**Your objective:** With the material below, print exactly the lines between the line holding "Sixty comic postcards, vintage to modern" and the line holding "Striped Open Front Knit Cardigan", inclusive. Add nothing else.

**Recorded data:**
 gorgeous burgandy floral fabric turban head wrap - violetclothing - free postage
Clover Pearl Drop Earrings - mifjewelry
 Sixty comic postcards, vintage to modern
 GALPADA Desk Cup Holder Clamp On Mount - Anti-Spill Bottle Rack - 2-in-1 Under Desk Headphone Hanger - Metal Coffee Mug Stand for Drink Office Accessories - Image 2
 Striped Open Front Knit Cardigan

* * *

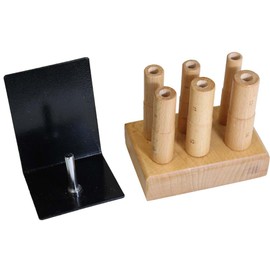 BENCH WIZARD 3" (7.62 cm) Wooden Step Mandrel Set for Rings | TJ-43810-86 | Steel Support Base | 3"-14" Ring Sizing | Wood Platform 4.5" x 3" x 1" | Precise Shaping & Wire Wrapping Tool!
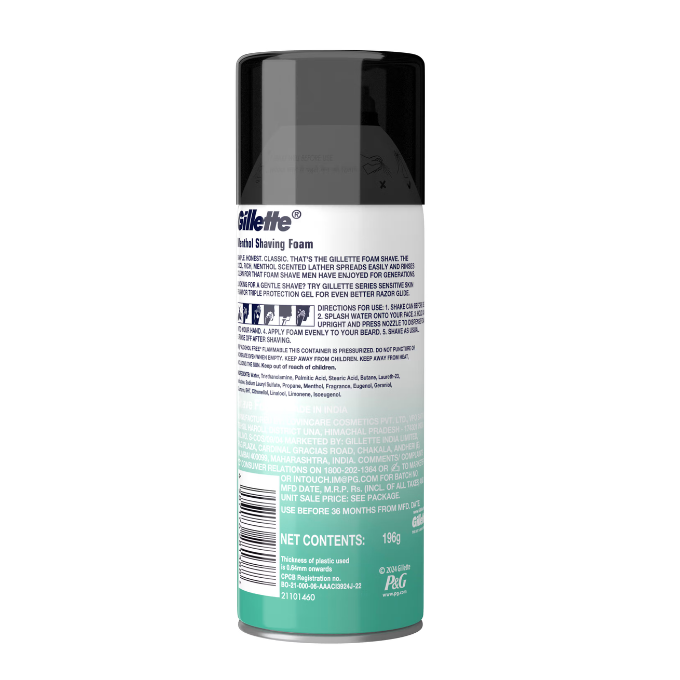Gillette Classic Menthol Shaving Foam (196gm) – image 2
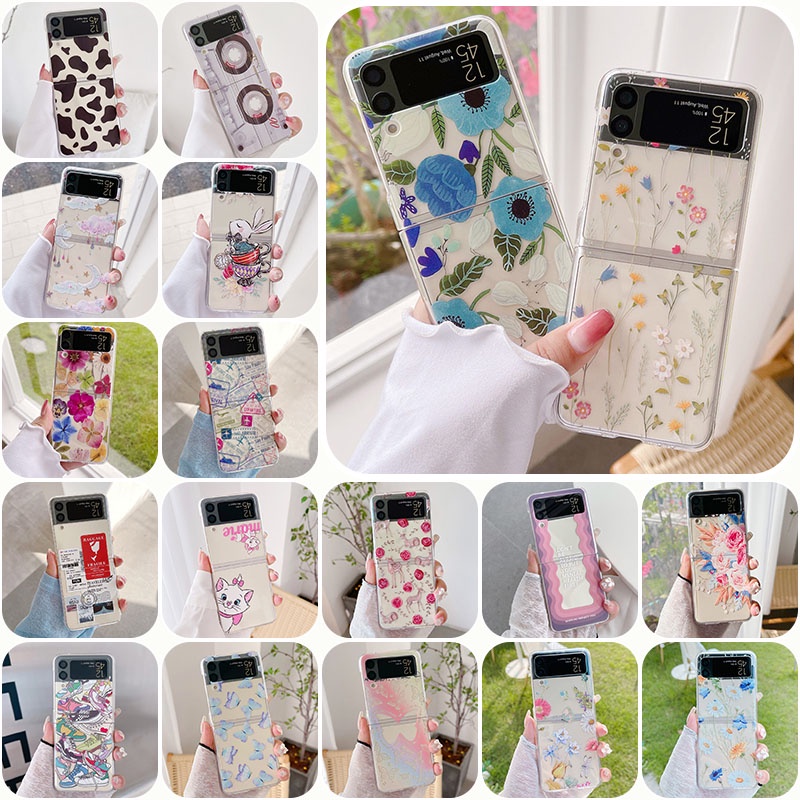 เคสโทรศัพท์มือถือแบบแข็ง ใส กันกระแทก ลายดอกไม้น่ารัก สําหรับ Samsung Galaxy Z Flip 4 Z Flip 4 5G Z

**Response:**
 Sixty comic postcards, vintage to modern
 GALPADA Desk Cup Holder Clamp On Mount - Anti-Spill Bottle Rack - 2-in-1 Under Desk Headphone Hanger - Metal Coffee Mug Stand for Drink Office Accessories - Image 2
 Striped Open Front Knit Cardigan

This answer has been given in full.